异常: 丢失了 shuffle 0的输出位置

你知道这个问题的意义是什么,以及如何克服它吗?

org.apache.spark.shuffle.MetadataFetchFailedException: Missing an output location for shuffle 0
at org.apache.spark.MapOutputTracker$$anonfun$org$apache$spark$MapOutputTracker$$convertMapStatuses$1.apply(MapOutputTracker.scala:384)
at org.apache.spark.MapOutputTracker$$anonfun$org$apache$spark$MapOutputTracker$$convertMapStatuses$1.apply(MapOutputTracker.scala:381)
at scala.collection.TraversableLike$$anonfun$map$1.apply(TraversableLike.scala:244)
at scala.collection.TraversableLike$$anonfun$map$1.apply(TraversableLike.scala:244)
at scala.collection.IndexedSeqOptimized$class.foreach(IndexedSeqOptimized.scala:33)
at scala.collection.mutable.ArrayOps$ofRef.foreach(ArrayOps.scala:108)
at scala.collection.TraversableLike$class.map(TraversableLike.scala:244)
at scala.collection.mutable.ArrayOps$ofRef.map(ArrayOps.scala:108)
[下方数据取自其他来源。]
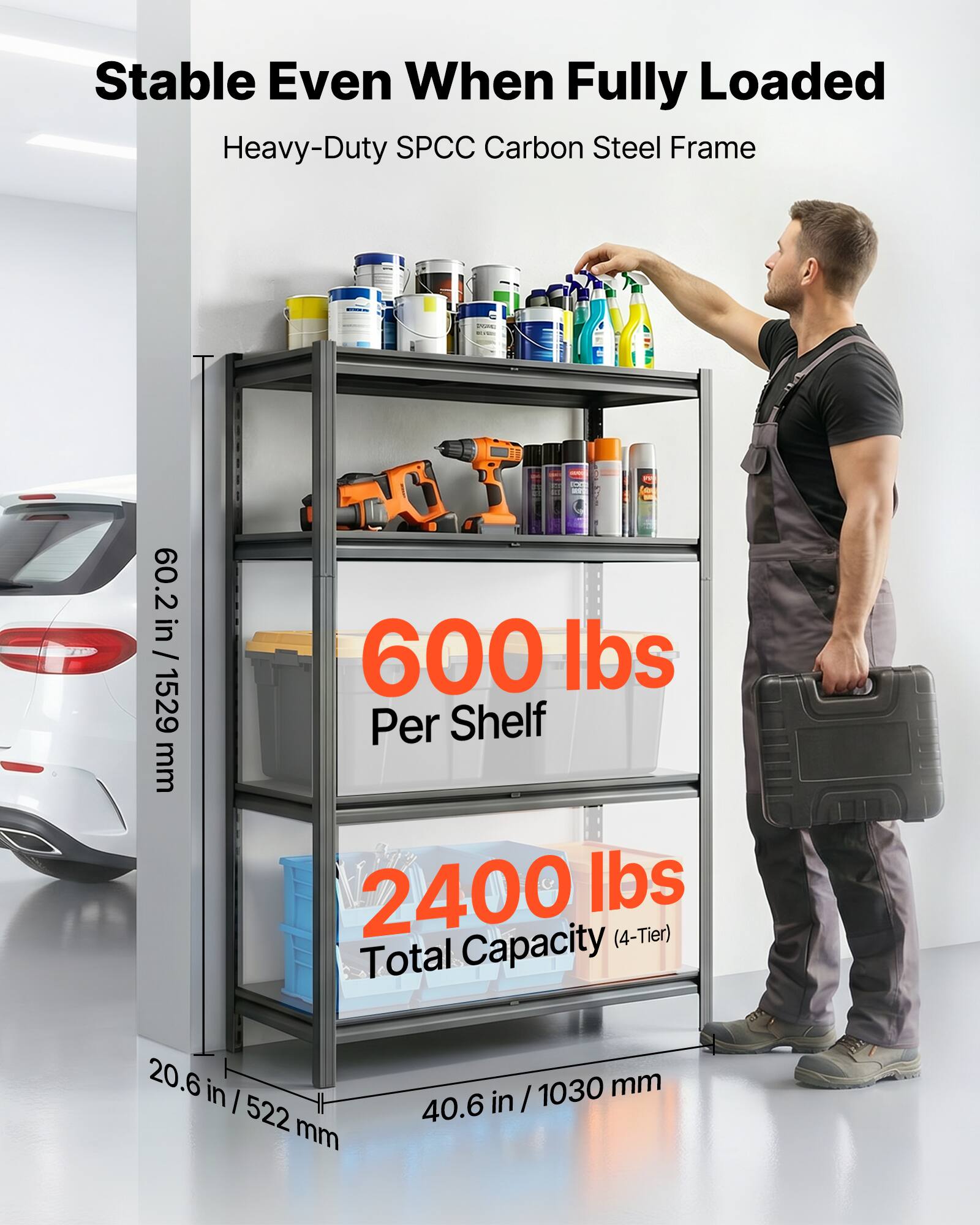 Stable Even When Fully Loaded  
Heavy-Duty SPCC Carbon Steel Frame  
60.2 in / 1529 mm  
600 lbs Per Shelf  
2400 lbs Total Capacity (4-Tier)  
20.6 in / 522 mm  
40.6 in / 1030 mm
at org.apache.spark.MapOutputTracker$.org$apache$spark$MapOutputTracker$$convertMapStatuses(MapOutputTracker.scala:380)
at org.apache.spark.MapOutputTracker.getServerStatuses(MapOutputTracker.scala:176)
at org.apache.spark.shuffle.hash.BlockStoreShuffleFetcher$.fetch(BlockStoreShuffleFetcher.scala:42)
at org.apache.spark.shuffle.hash.HashShuffleReader.read(HashShuffleReader.scala:40)
at org.apache.spark.rdd.ShuffledRDD.compute(ShuffledRDD.scala:92)
at org.apache.spark.rdd.RDD.computeOrReadCheckpoint(RDD.scala:263)
at org.apache.spark.rdd.RDD.iterator(RDD.scala:230)
at org.apache.spark.rdd.MappedRDD.compute(MappedRDD.scala:31)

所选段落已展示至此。